From the Washington National Cathedral:

“Today’s rulings announce a new era for our country, one in which married lesbian, gay, bisexual, and transgender Americans can finally enjoy the same federal recognition and protection that our laws have for so long extended to their fellow citizens. I rejoice in the knowledge that the justices have reached a decision that makes our union—indeed all our unions—more perfect and certainly more equal,” said Dean Hall.

“We are ringing our bells at the Cathedral to celebrate the extension of federal marriage equality to all the same-sex couples modeling God’s love in lifelong covenants. Our prayers for continued happiness are with them and with all couples who will be joined in matrimony in the years to come, whether at Washington National Cathedral or elsewhere.

“Today’s rulings advance civil marriage equality, but they should also serve as a call for Christians to embrace religious marriage equality.
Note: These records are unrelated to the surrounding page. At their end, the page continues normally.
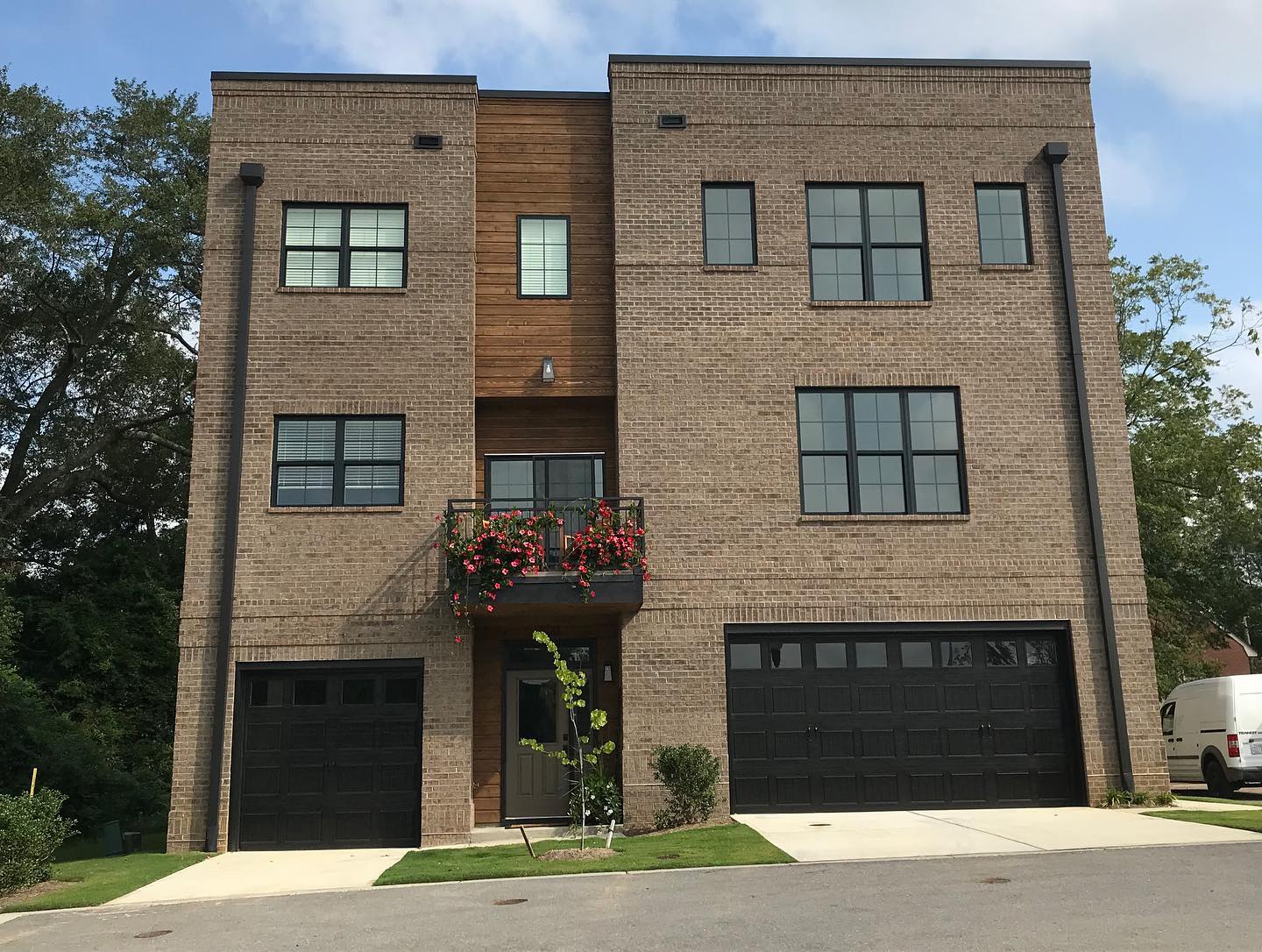 Bessemer Gray Queen Brick - Triangle Brick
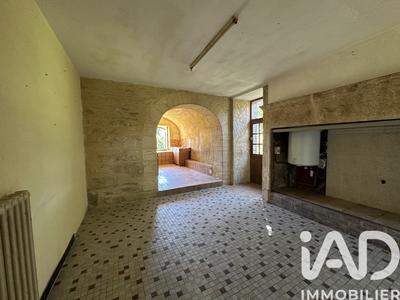 Maison - 300 m² - 15 pièces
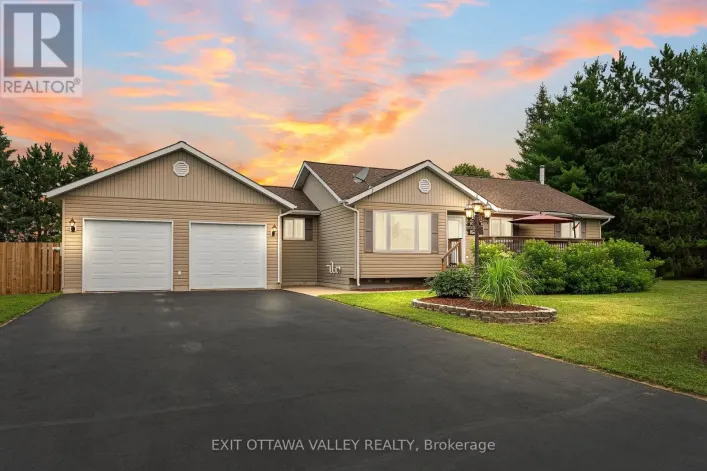 62 MEADOWVIEW DRIVE, Whitewater Region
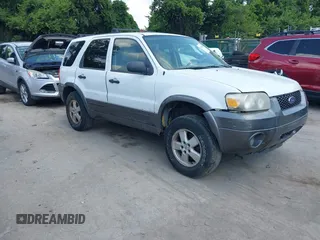 2006 Ford Escape XLT z VIN 1FMCU93106KA47242, wystawiony jako IAAI lot #42874889 z przebiegiem 201 311 mil mil oraz . Historia ofert i sprzedaży dostępna na DreamBid. Obrazek 1.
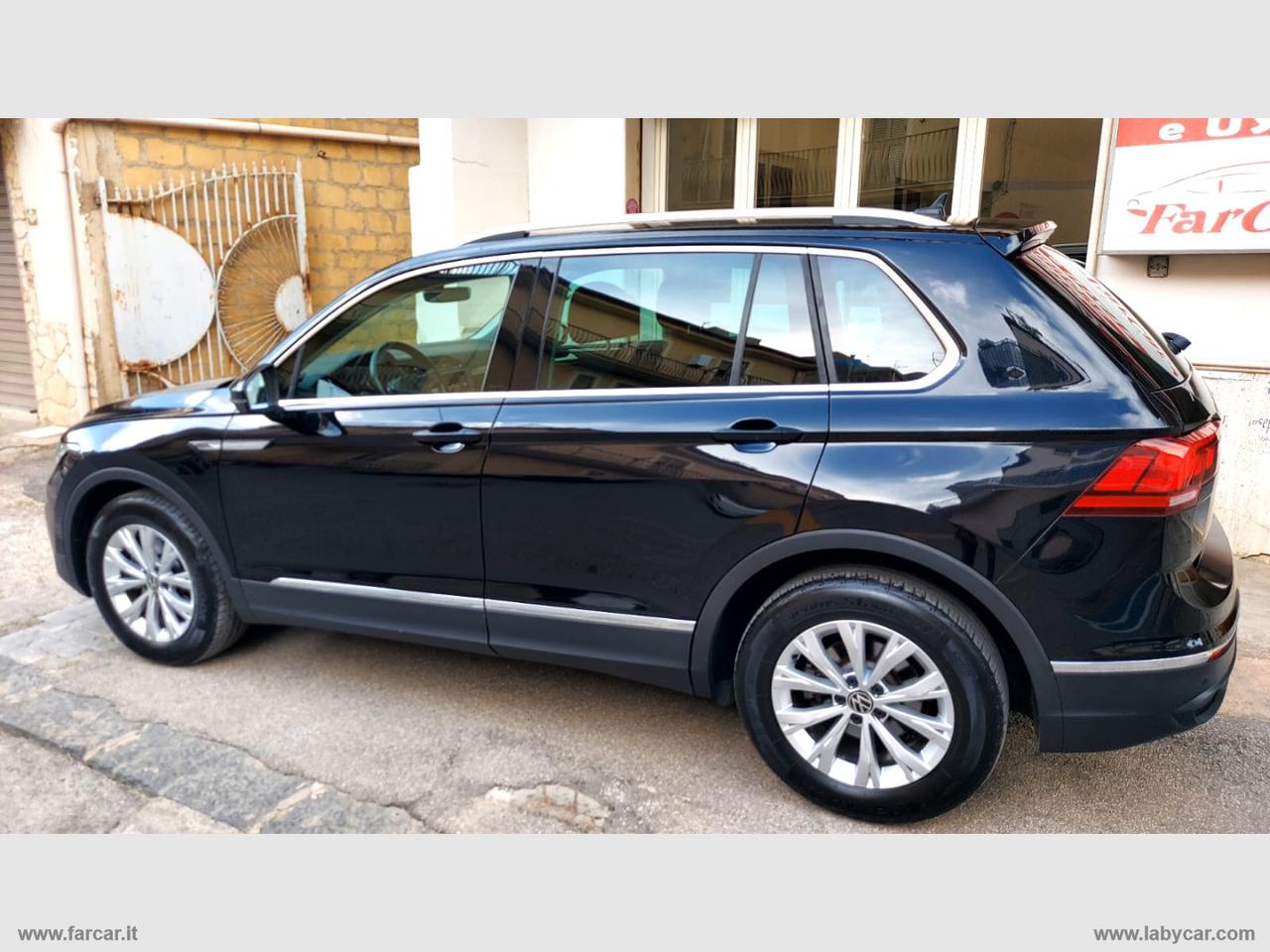 VOLKSWAGEN Tiguan 2.0 TDI 150CV SCR DSG R-Line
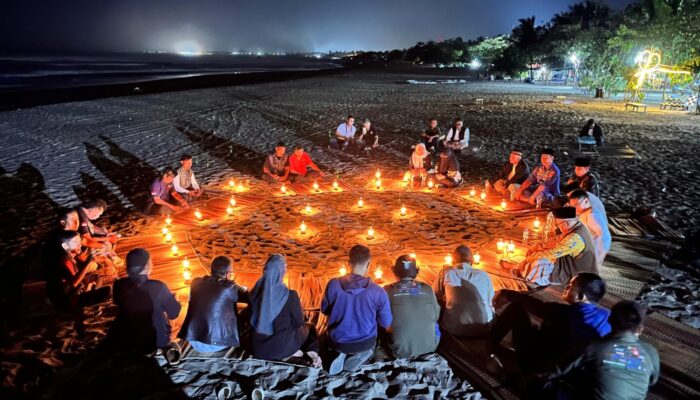 Aksi Solidaritas, Gelar Doa Bersama untuk Lima Jurnalis yang Hilang di Anak Gunung Krakatau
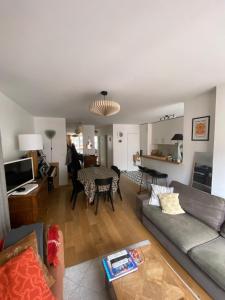 Spacious and Elegant 3 Bedrooms Apartment near Metro and Bois de Vincennes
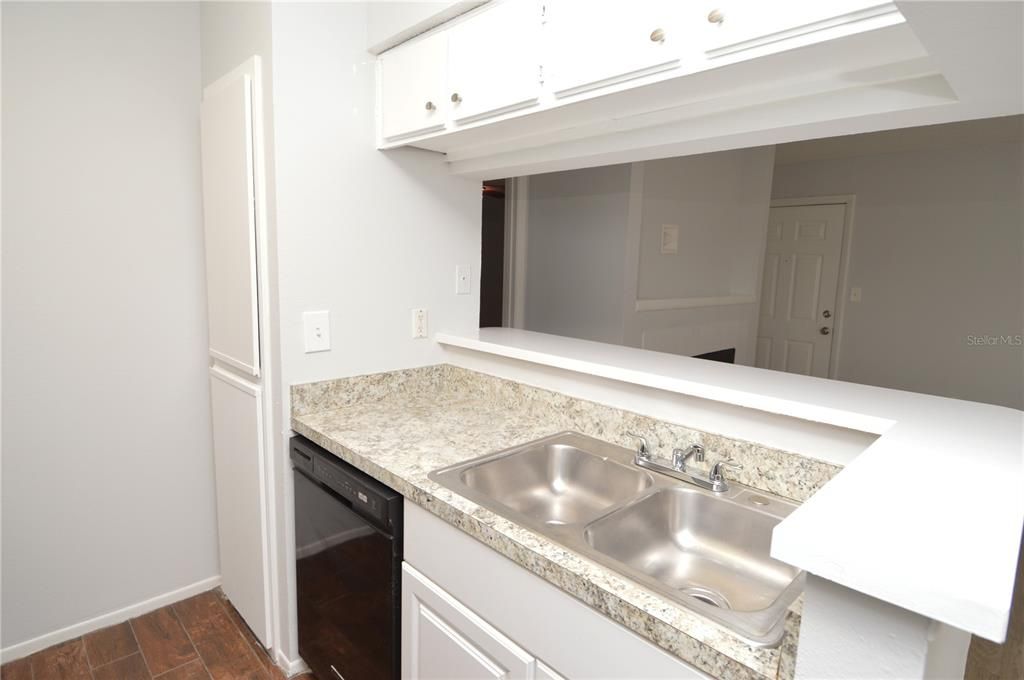 For Rent: $1,600 (2 beds, 2 baths, 1007 Square Feet)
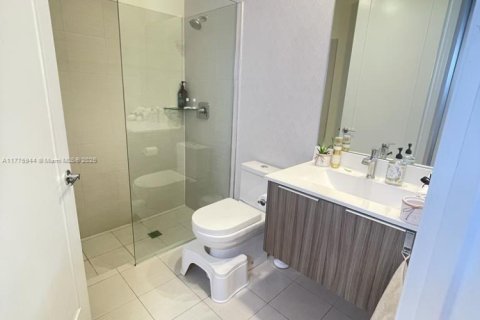 Adosado en venta en Doral, Florida, 4 dormitorios, 168.34 m2 № 1693330 - foto 3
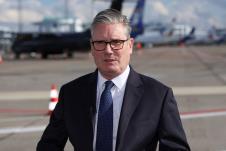 Kir Starmer na aerodromu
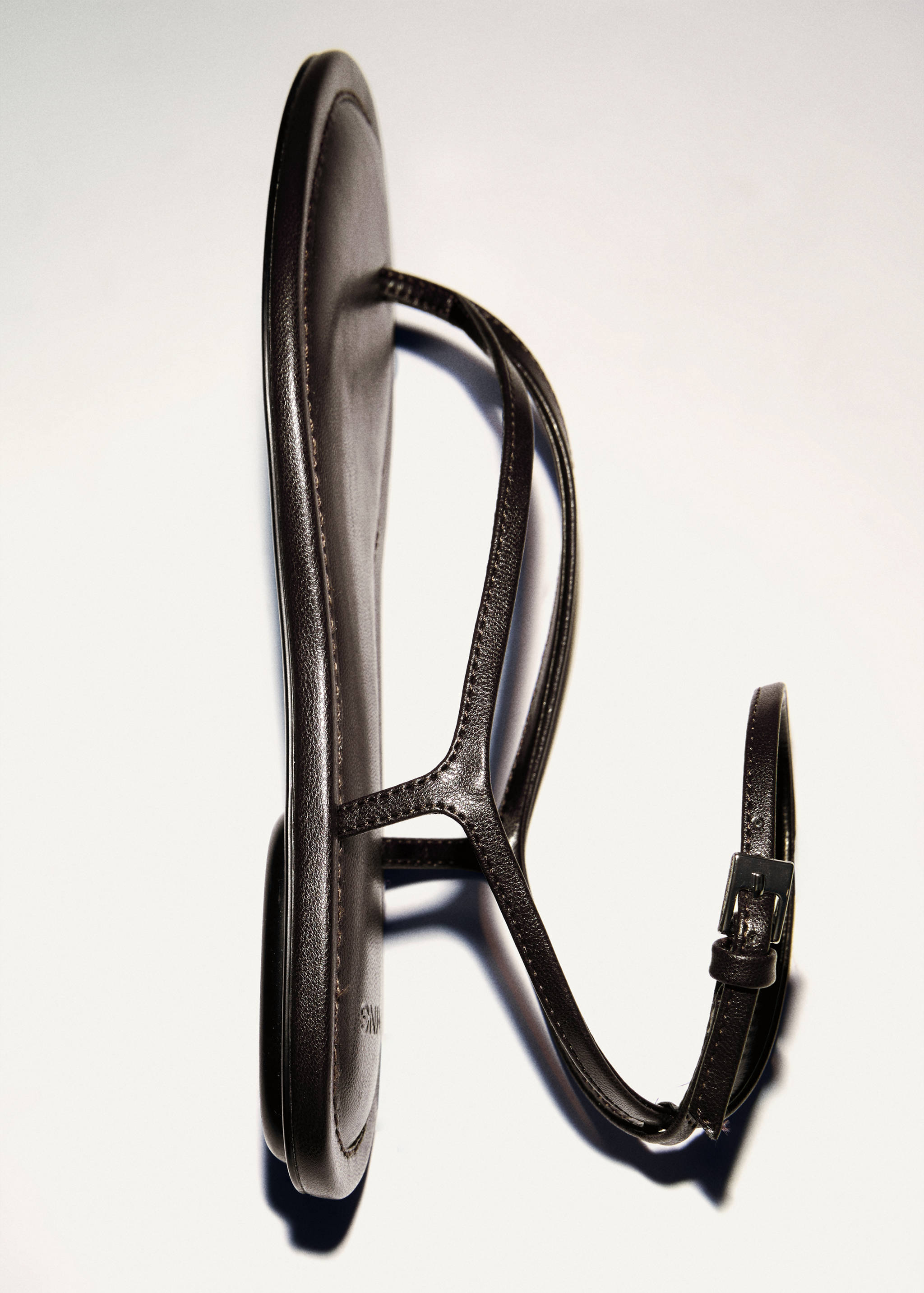 Buckle strap sandals - Details of the article 5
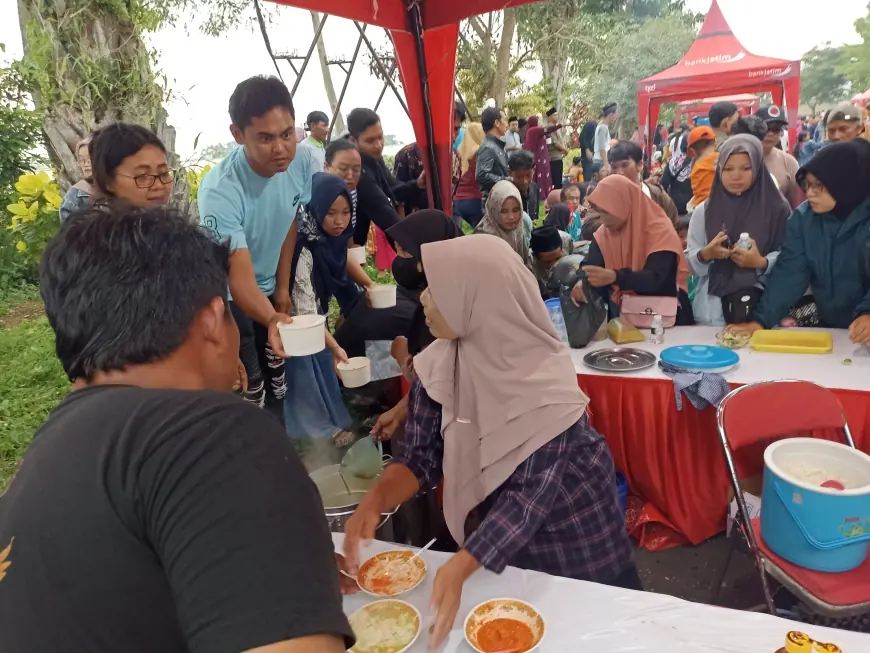 Tasyakuran dan Buka Puasa Bersama, Ribuan Warga Blitar Padati Kantor Bupati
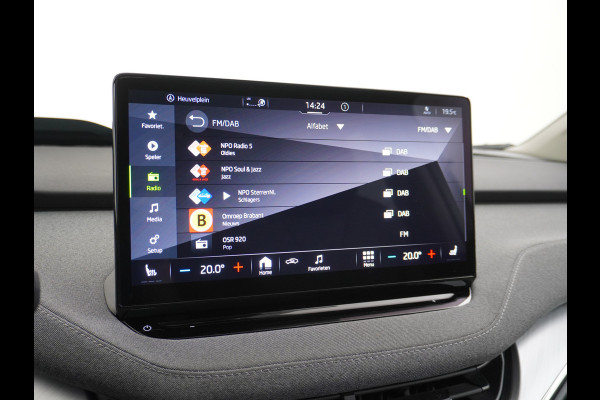 Škoda ENYAQ iV 80 Trekhaak Panodak Auto-Pilot Head-Up Display Apple Carplay Android Auto Adap.Cruise DAB Elek.Stoel+Memory+Verwarmd Navi Led-Ma Dynamic ChassisControl Climate Pack 2 Infotaiment Plus Klimaat Plus Family Comfort Pack Assistentie Keyless LMV 20" Grote Accu! 1e Eigenaar 1.000KG Trekgewicht! Zeer Compleet € 56.000 nieuw Grootste Aktieradius/accu pakket.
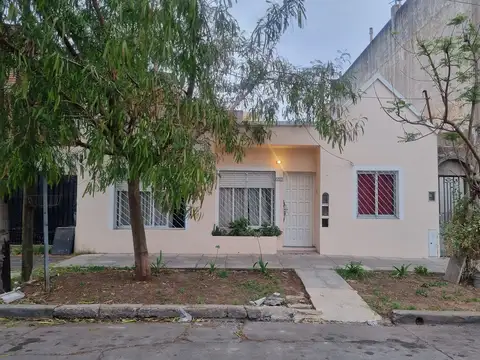 Departamento tipo casa en venta en Haedo Norte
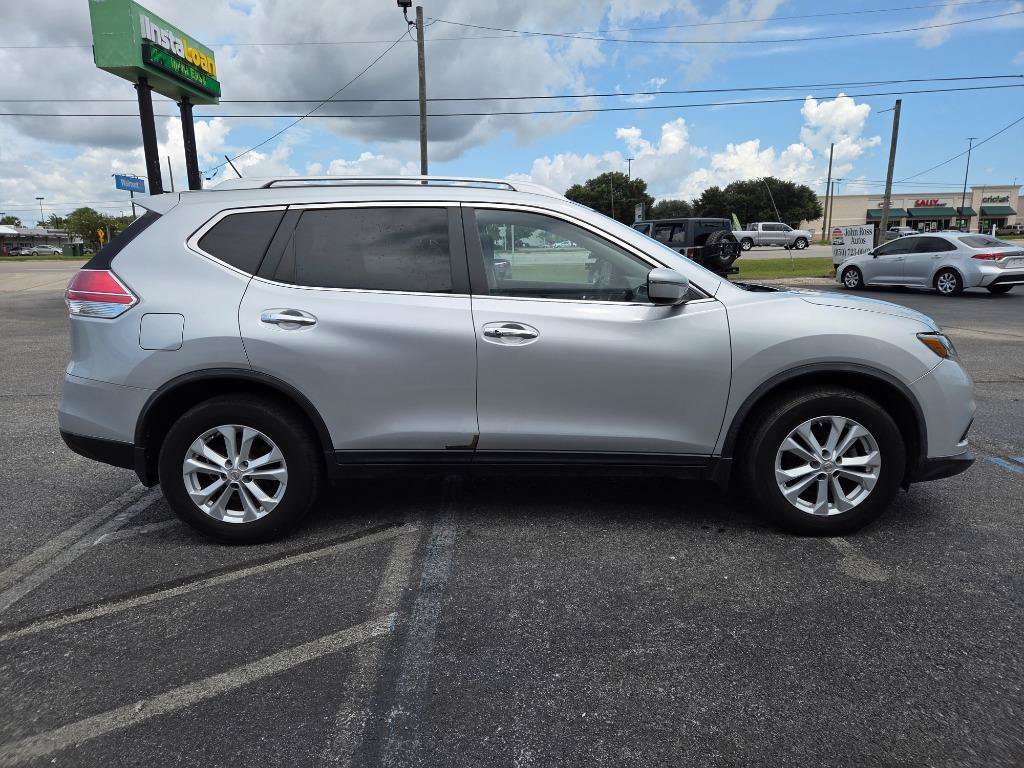 Used 2016 Nissan Rogue SV FWD image 5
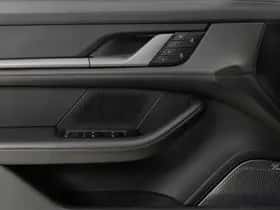 Porsche Taycan (2024) thumbnail 17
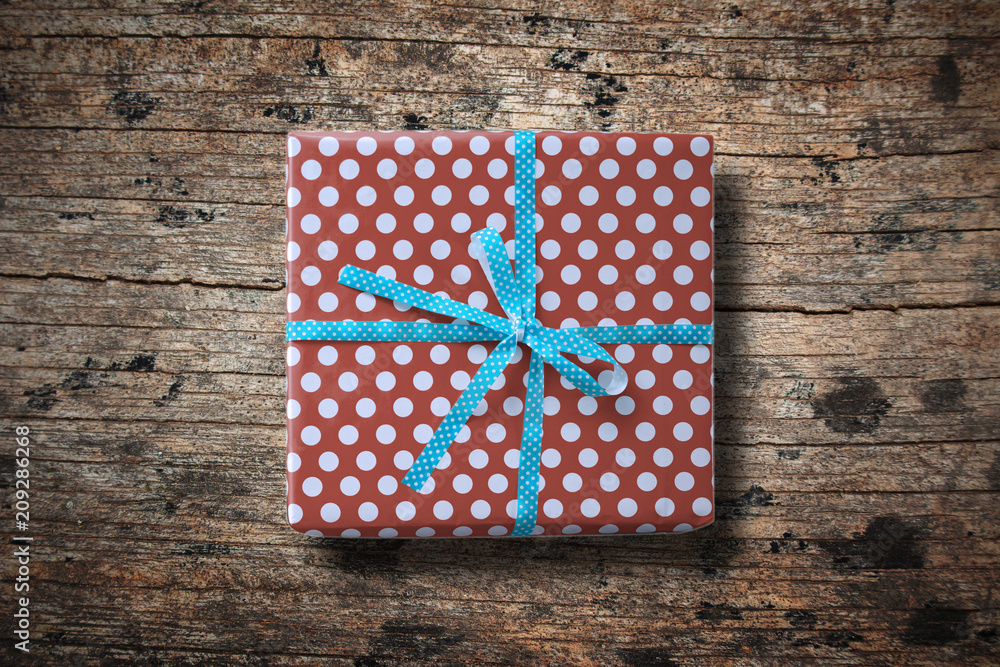 Obraz premium Vintage gift boxes on old wooden background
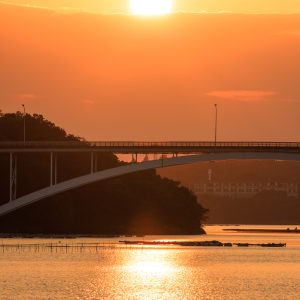 無料スマホ壁紙 賢島大橋と雲の隙間から見える夕陽。AndroidとiPhoneに対応した4K高画質の無料待ち受け画像。三重県志摩市の賢島大橋で撮影したフリー写真素材
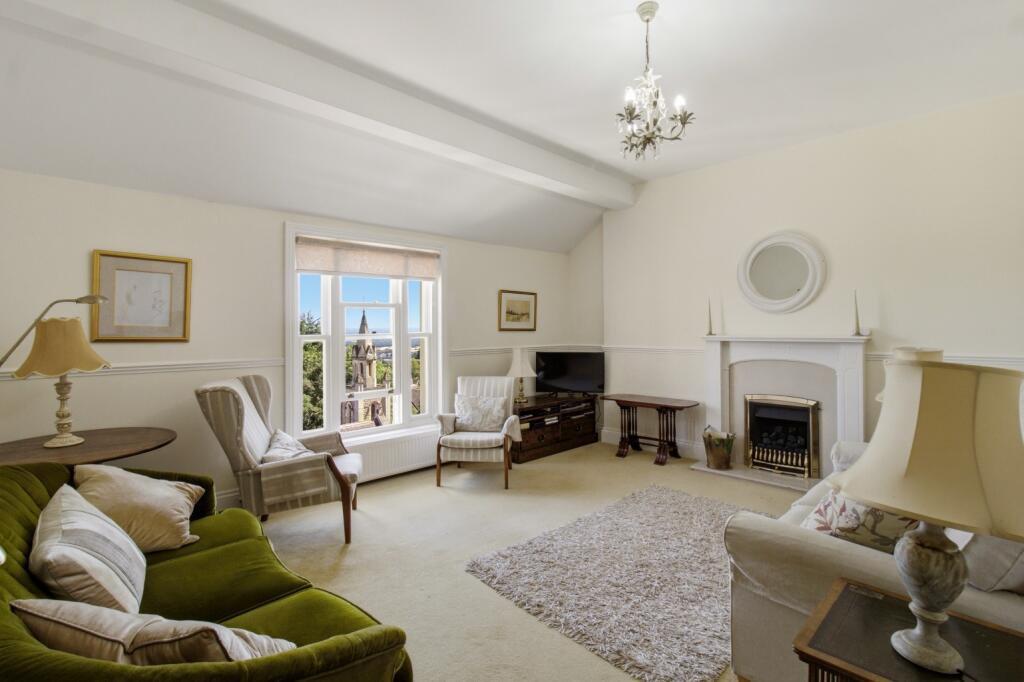 Apartment in Malvern Hills, Malvern - View 2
Countless faithful Christians have lived out their lives in committed same-sex relationships, and we have seen the fruits of their fidelity in our families, our congregations and our communities. If we use this historic moment to see more clearly how their faithfulness contributes to the common good, we will better be able to walk with our LGBT sisters and brothers as an act of Christian faith.”

In two landmark decisions the U.S. Supreme Court struck down the Defense of Marriage Act (DOMA) and dismissed Proposition 8 on standing. The Court found that Proposition 8’s supporters did not have standing to appeal, since they suffered no harm. This leaves in place a lower-court ruling striking down Proposition 8. California now joins the states with same gender marriage, and, with the striking down of DOMA, the federal government recognizes same-sex marriages in these states.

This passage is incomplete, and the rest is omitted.